Data entries
+ + + +

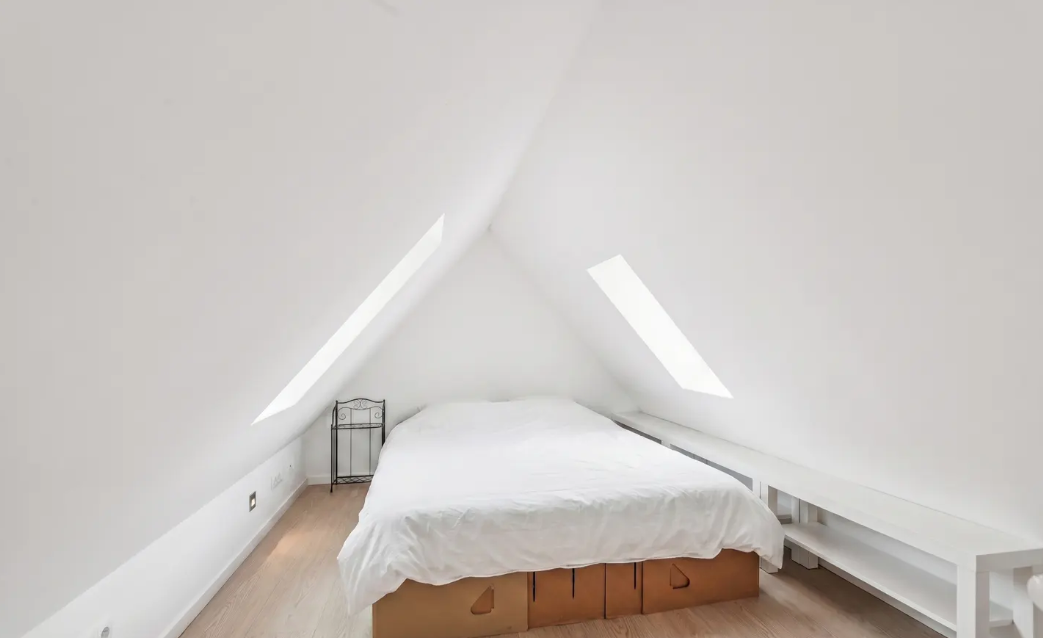 Beautifully renovated semi-detached house with the option for a separate apartment and a large garden.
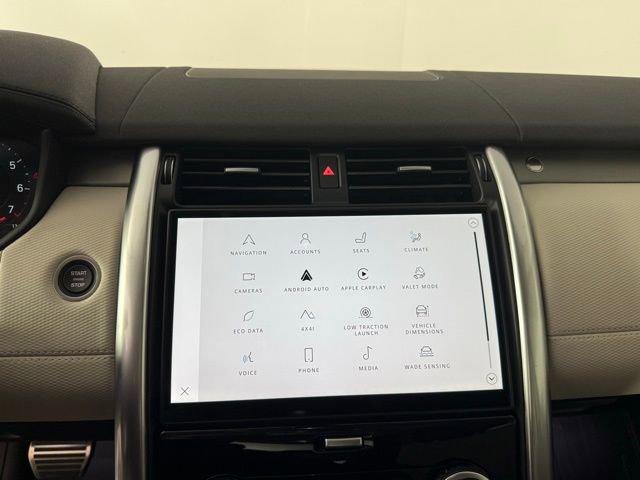 New 2026 Land Rover Discovery Limited Edition image 24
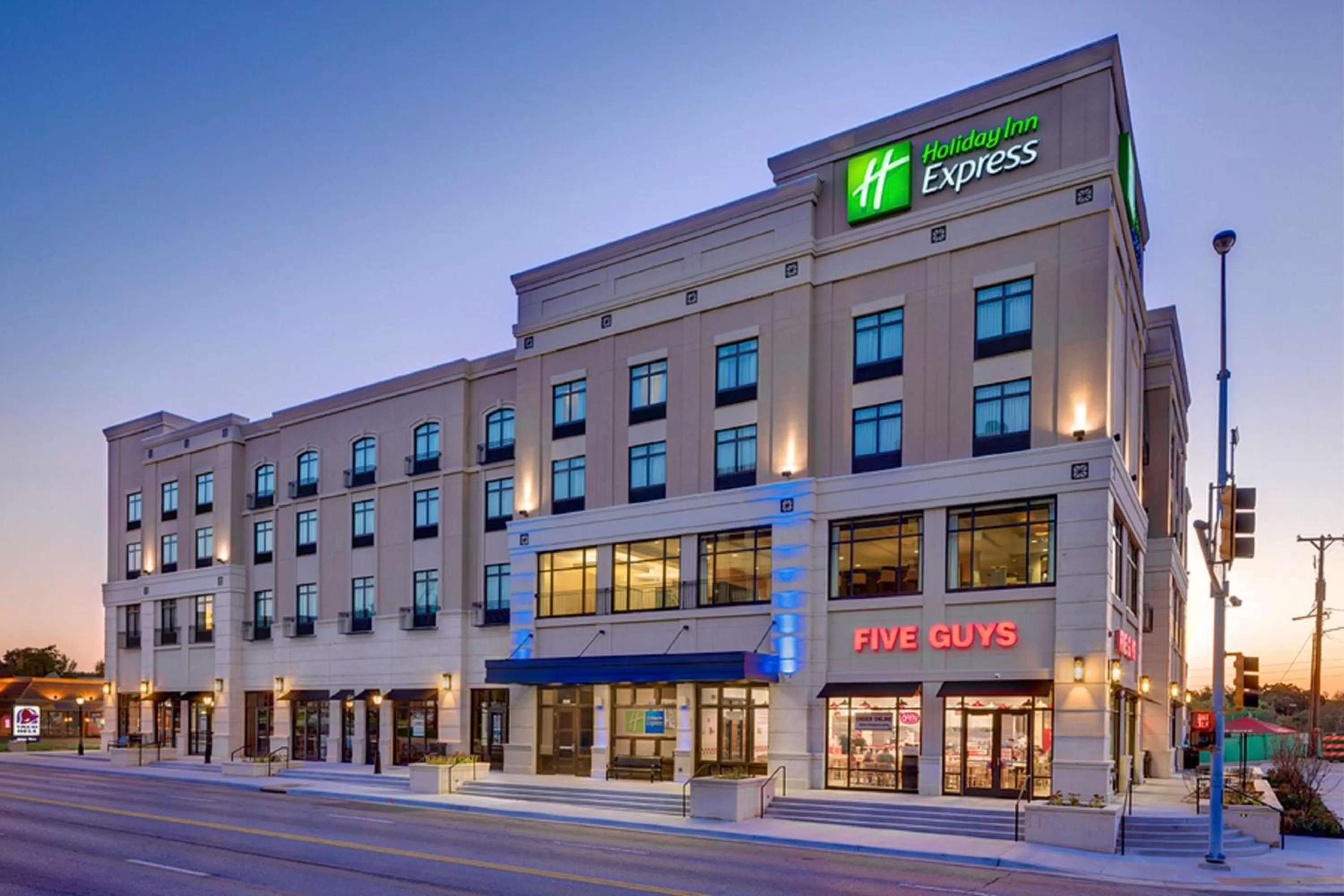Property building in Holiday Inn Express & Suites - Kansas City KU Medical Center by IHG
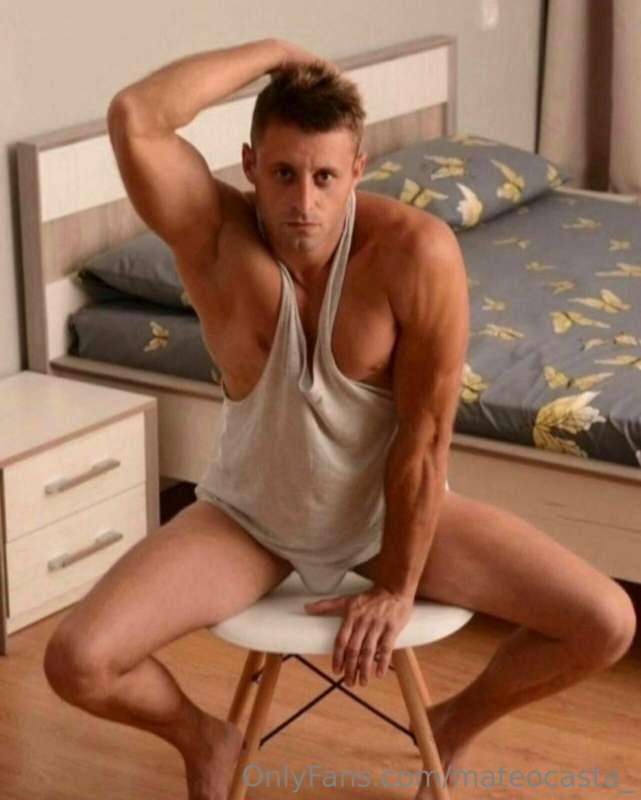 mateocasta_ image #2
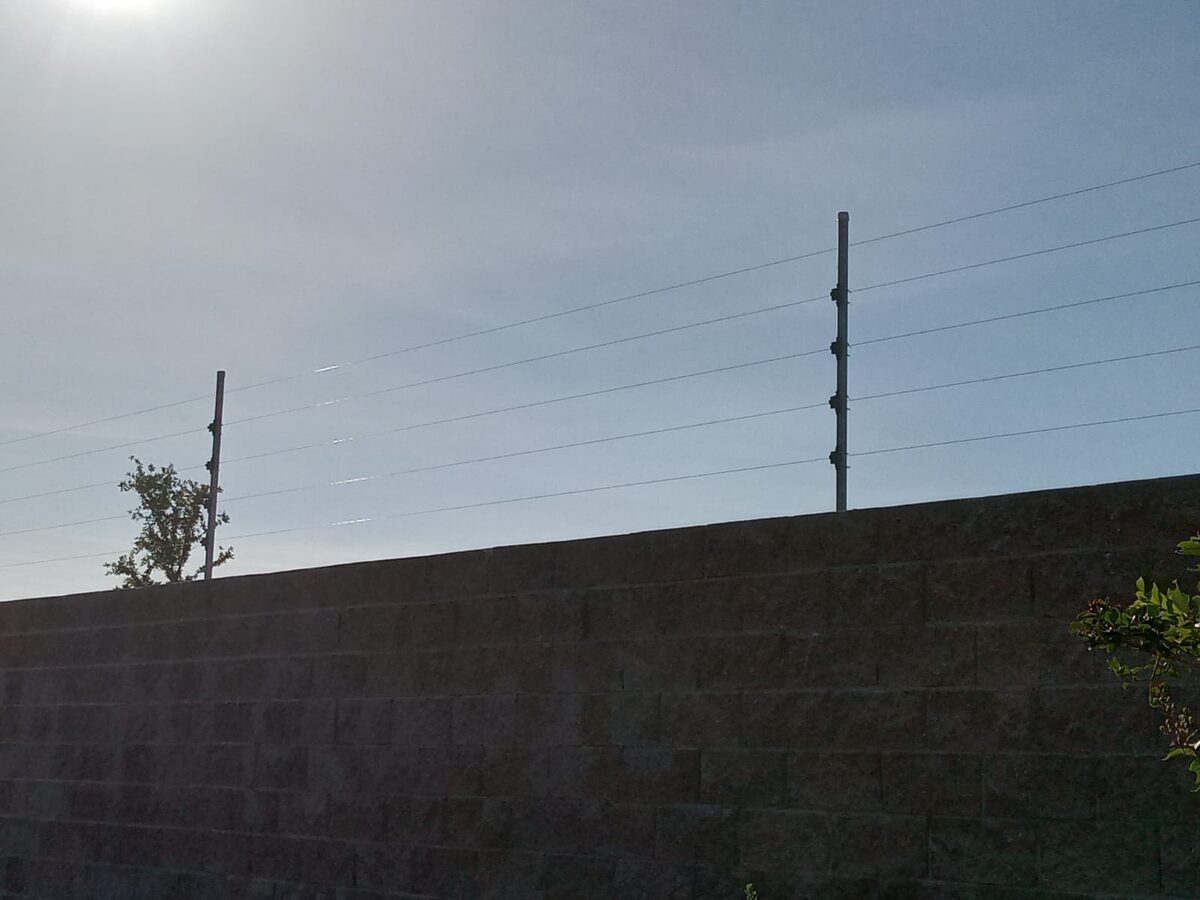 Proyecto de cercado con malla ciclónica realizado por Mallalam en Chihuahua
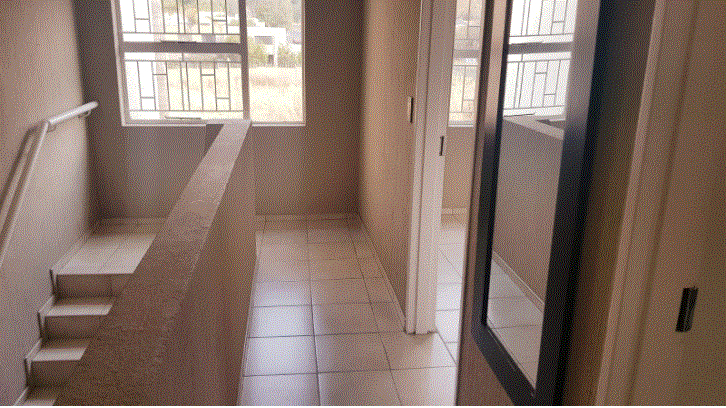 2 Bedroom Property for Sale in Weltevreden Park Gauteng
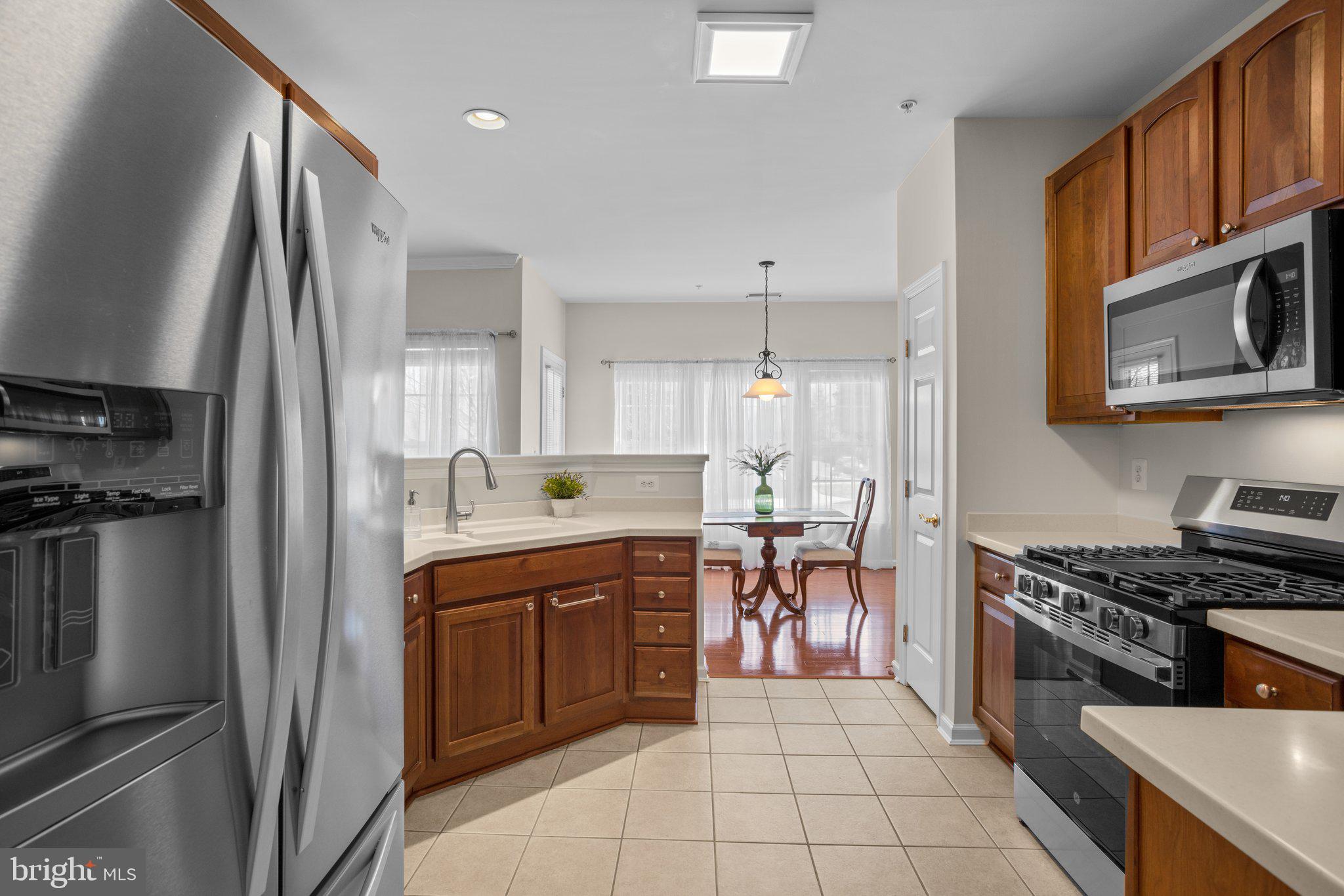 HEARTHSTONE AT VILLAGE CREST CONDOMINIUMS - Residential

+ + + +

- _What is expected_
Word for word, repeat each record above; leave out every picture.

- _Solution below_
 Beautifully renovated semi-detached house with the option for a separate apartment and a large garden.
 New 2026 Land Rover Discovery Limited Edition image 24
Property building in Holiday Inn Express & Suites - Kansas City KU Medical Center by IHG
 mateocasta_ image #2
 Proyecto de cercado con malla ciclónica realizado por Mallalam en Chihuahua
 2 Bedroom Property for Sale in Weltevreden Park Gauteng
 HEARTHSTONE AT VILLAGE CREST CONDOMINIUMS - Residential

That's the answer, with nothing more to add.